Tuesday, December 1, 2009

You've hire top talent - let them work!!!

Over the course of the last two years (basically at the onset of the recession where some great talent became available to the market) I’ve been asking two questions. The first question was to some top talent individuals; in essence, how is the new position going? The second to business owners, GMs, hiring managers; how’s the new employee going?

From the employee side, and these are keen folks I’ve known and worked with, understand their abilities, their dedication, their ability to make it work, I hear over and over again:
- It’s a one man battle and I’m expected to be the front line, reinforcements and supply.
- There’s a bunch of lip-service, I’m the only one biting into any of the tasks.
- Management can not make the tough decision(s), they look me to make them but don’t like the fallout.
- Lack of structure, support.
- Keeping getting told to not get absorbed into the ‘rut’, stay fresh.

From employers I’m hearing, and it’s not just one employer or about one employee, it’s a disturbing pattern:
- On paper and in the interview process was perfect, but he/she can’t win the staff over, they get lip-service from the staff (peers) but no real buy-in.
- They can’t implement the change required.
- They don’t understand the culture, they’re upsetting the current balance.
- They’re not ‘joining’ the team, they stand out, not entirely accepted.

When I first started hearing this I thought it was a bit of whining, some coincidence, personality mismatch, but there is a pattern, there is a trend and there is a problem.

Business owners have to realise a few key things:

One person is not going to solve the problem or address all the issues – not when you are hiring them at a manager or directors level – especially when you have not given his/her peers the same mandates for their departments. If you are telling the organization it’s status quo and then telling the new hire to make this change, make that change, increase this, decrease that, you are setting them up for failure. The organization is a living, breathing, interconnected mechanism. All the pieces have to work together.

There is a reason they accomplished so much prior to coming to you. I would venture to say it’s mostly due to their intelligence, drive and ability, but they did have the tools, structure and support needed to get things done. In hockey terms you’ve hired a great goal scorer but if he has no one to feed him the puck, no one to block a check and a goalie that lets every other shot on net in, your start scorer will never win you a game.
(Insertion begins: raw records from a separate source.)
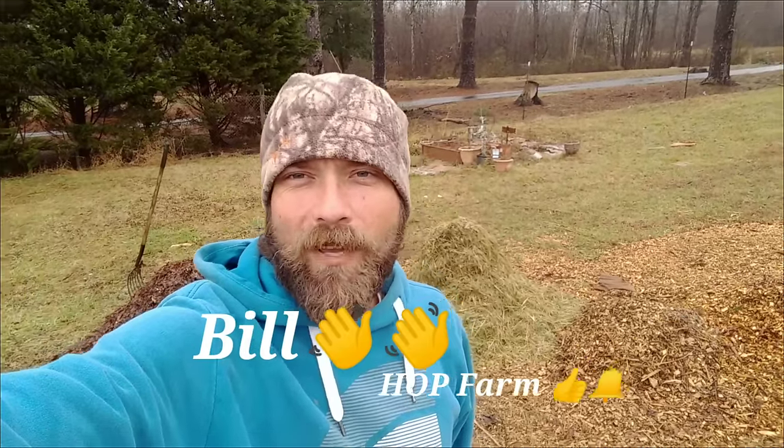What is up everybody, welcome to Honest Open Permaculture Hop Farm. This video is going to be about making a compost pile.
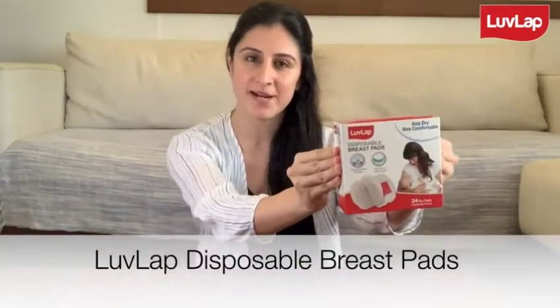Hey everyone, today we shall be talking about the LoveLap disposable breast pads, which are a very useful accessory for breastfeeding mothers. They are just the thing to absorb any extra milk that may leak from your breasts, and this is a pretty common occurrence — many mothers experience their breasts leaking milk in between feeds.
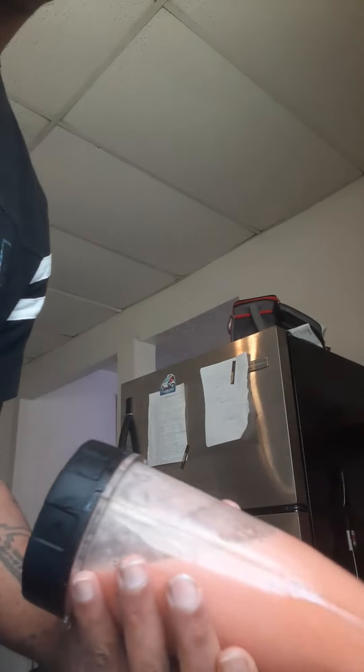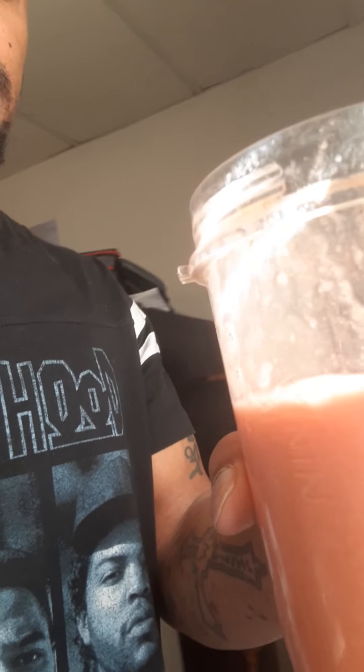There we go. Sorry about that, guys. It's just me filming, so I'm having a hard time almost. Dropped the smoothie, but that's the finished product. Looks banging. Tastes banging. Mango, watermelon, and banana smoothie. All right.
You’ve hired them for their ability, their know how, the fact they’ve done it before – use them to help transform your organization, help them get other managers on board to the changes, address the issues with managers that resist the change. Support these guys/gals and you’ll see they’ll go above and beyond to make things happen. Yes, they are the types you can put in a sink or swim situation (and they’ll swim) but you can’t expect them to survive if you throw them to the sharks. Think about how you won them over to join the organization, what you said that got them to join – they knew you had issues – but they saw the potential, help them unlock it.